Oddo BHF believes that growth was still remarkable in the 2nd quarter at nearly 13%, but EBIT margin was still down by nearly 200 bp over the 1st half.

Group sales came to ME 7,504 and EBIT to ME 3,148 in the 1st half, compared with Oddo BHF's estimate of ME 7,383 and ME 3,067 (a positive variance of almost 3%) and the FactSet pre-publication consensus of ME 7,488 and ME 3,189 (the EBIT variance is slightly negative).

Bags are driving growth, but more mass-market products are visibly slowing down, with Asia returning to growth of just 5% in Q2. Sequentially, cc growth is weakening due to Asia Pacific, which slowed significantly from +13.9% in Q1 to +5.5% in Q2, but the other geographies are showing a more favorable picture' indicates Oddo BHF.

The Americas region accelerated to +13.3% after +11.8% in Q1, as did Europe and France (France at +15.1% after +14.3% in Q1, Europe at 20.5% after 14.6% in Q1), while Japan continued its momentum at 19.5% after 25.2% in Q1'.

In terms of divisions, Leather Goods continued to post particularly strong growth in Q2 at 17.9% after 20.3% in Q1, but there was a more visible slowdown in Silks and Textiles (-5.6% after +7.9% in Q1) and Watches (-4.9% after +4.3% in Q1). Ready-to-wear Shoes and Accessories came out at +15.1% after +15.9% in Q1, despite the slowdown observed in Accessories", adds the analyst.

The Group is keeping its annual growth target for leather goods unchanged at c.+15%/+16%, which suggests a slowdown in Group growth for the 2nd half compared with the 1st half.

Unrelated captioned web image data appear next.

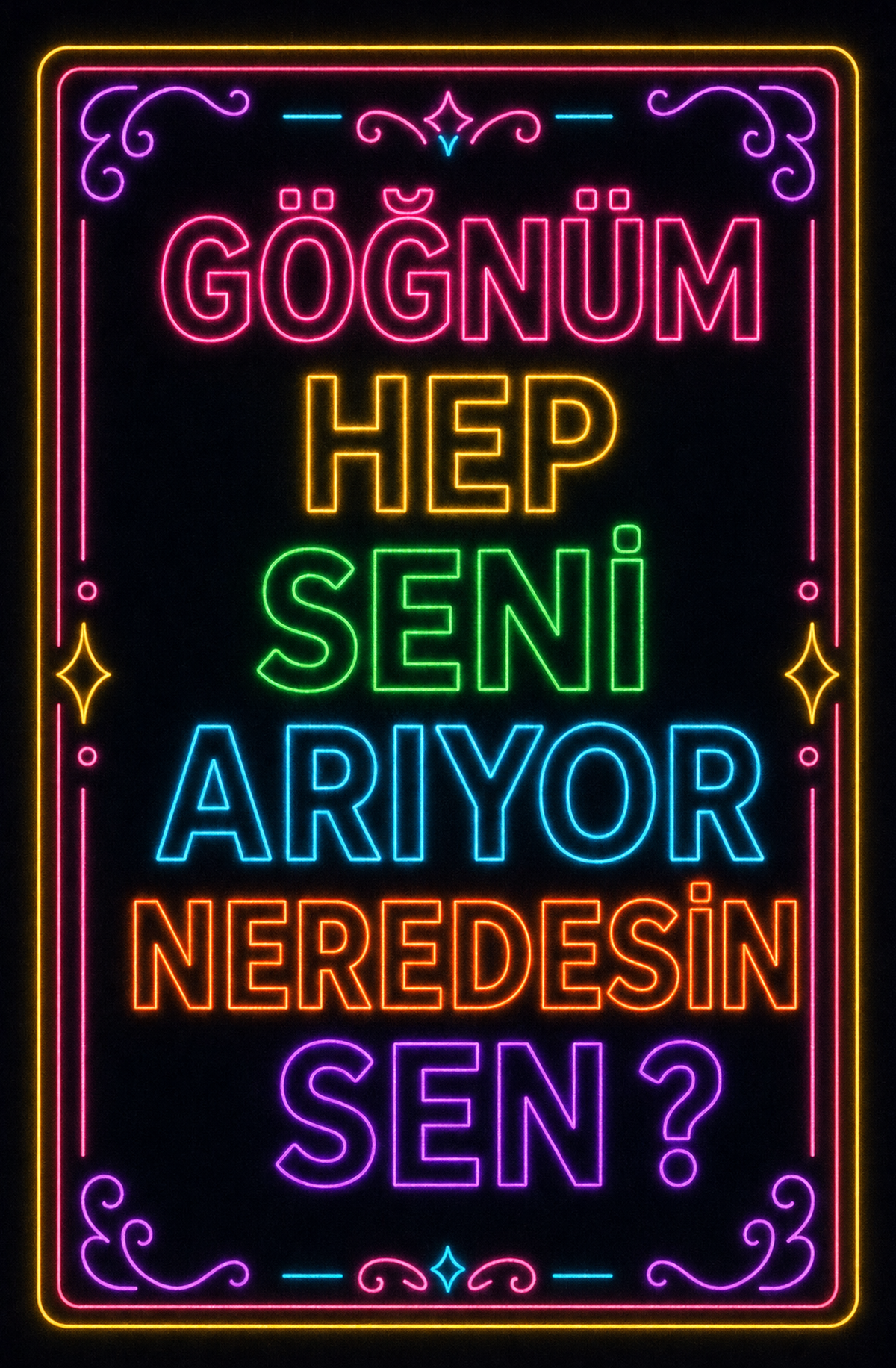 Göğnüm Her Seni Arıyor Neredesin Sen ? Ahşap Poster 1526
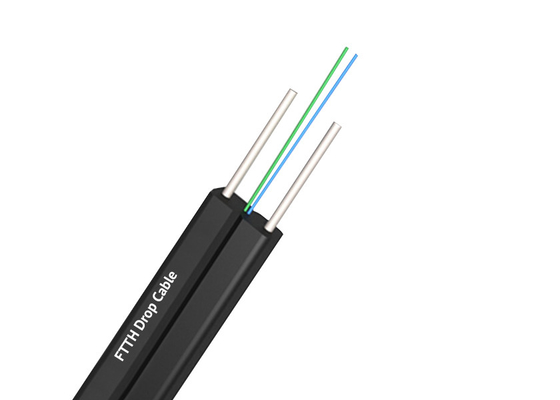 สายไฟฟ้า FTTH กระปุกร้อนด้วยรูปร่างที่กําหนดเอง PE PVC LSZH HDPE Jacket 0.45mm เหล็ก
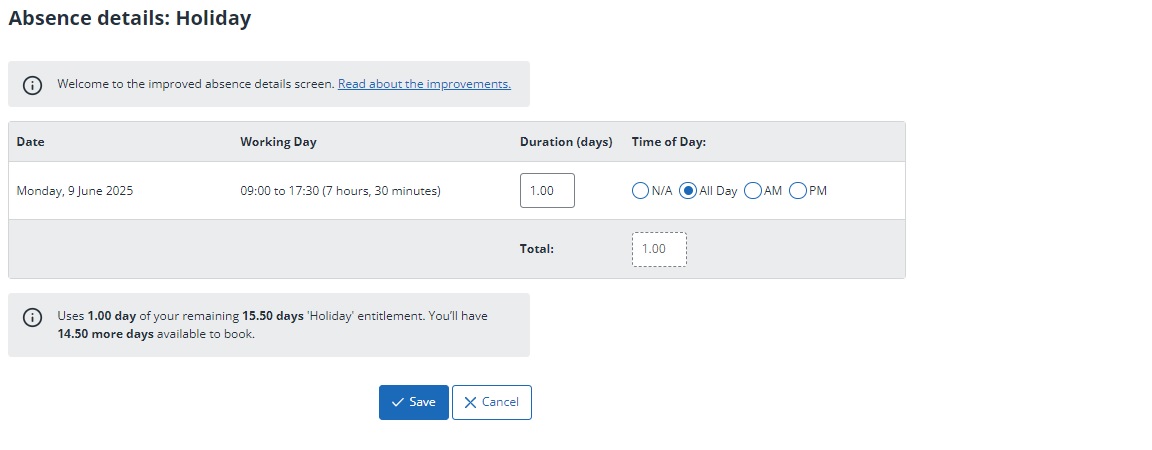 screenshot showing the new style of entitlement summary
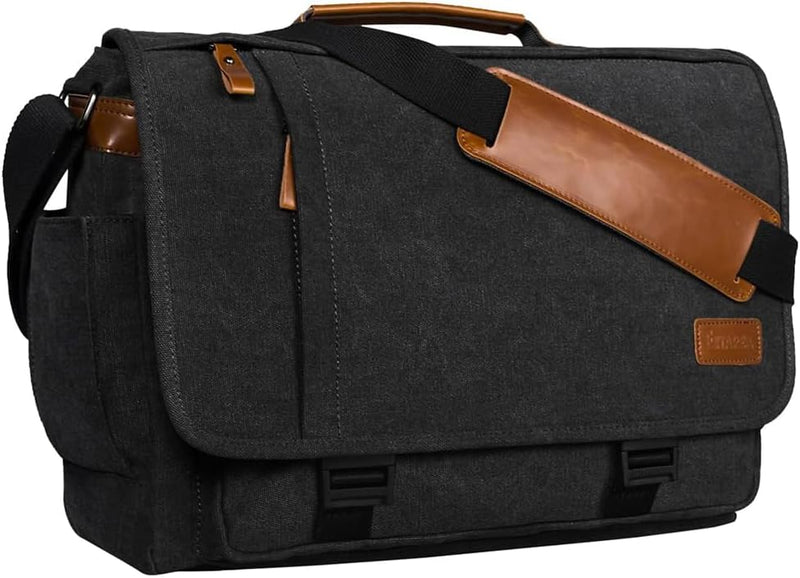 ESTARER Laptoptasche 17 Zoll Umhängetasche Canvas für Arbeit Uni aus Canvas SCHWARZ 17.3 Zoll Schwar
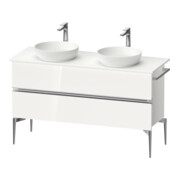 Duravit Sous-meuble console de lavabo au sol Sivida blanc, 131,5x54,8x47,5 cm, 2 tiroirs, Gr. chr-1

'These factors confirm our view that margins should continue to decline y/y in the 2nd half. For the year as a whole, we now expect organic sales growth of 13.1% versus 12.4% previously (2nd half at 11.2%) and an EBIT margin of 40.2%, reflecting a 2nd half at 38.4% versus 40.2% in H2 2023. For 2025, growth is raised slightly to 10.5% (previous 10%) to reflect a price increase that could exceed 3%, with the margin expected to remain unchanged at 40.3%'

Oddo BHF confirms its Neutral opinion and price target of E2,195. We remain slightly less optimistic than the consensus for the future. We believe that the 1st half results are beginning to reveal that part of the Group's business is very sensitive to the cycle, and that its margin cannot be maintained well above 40% in this context'.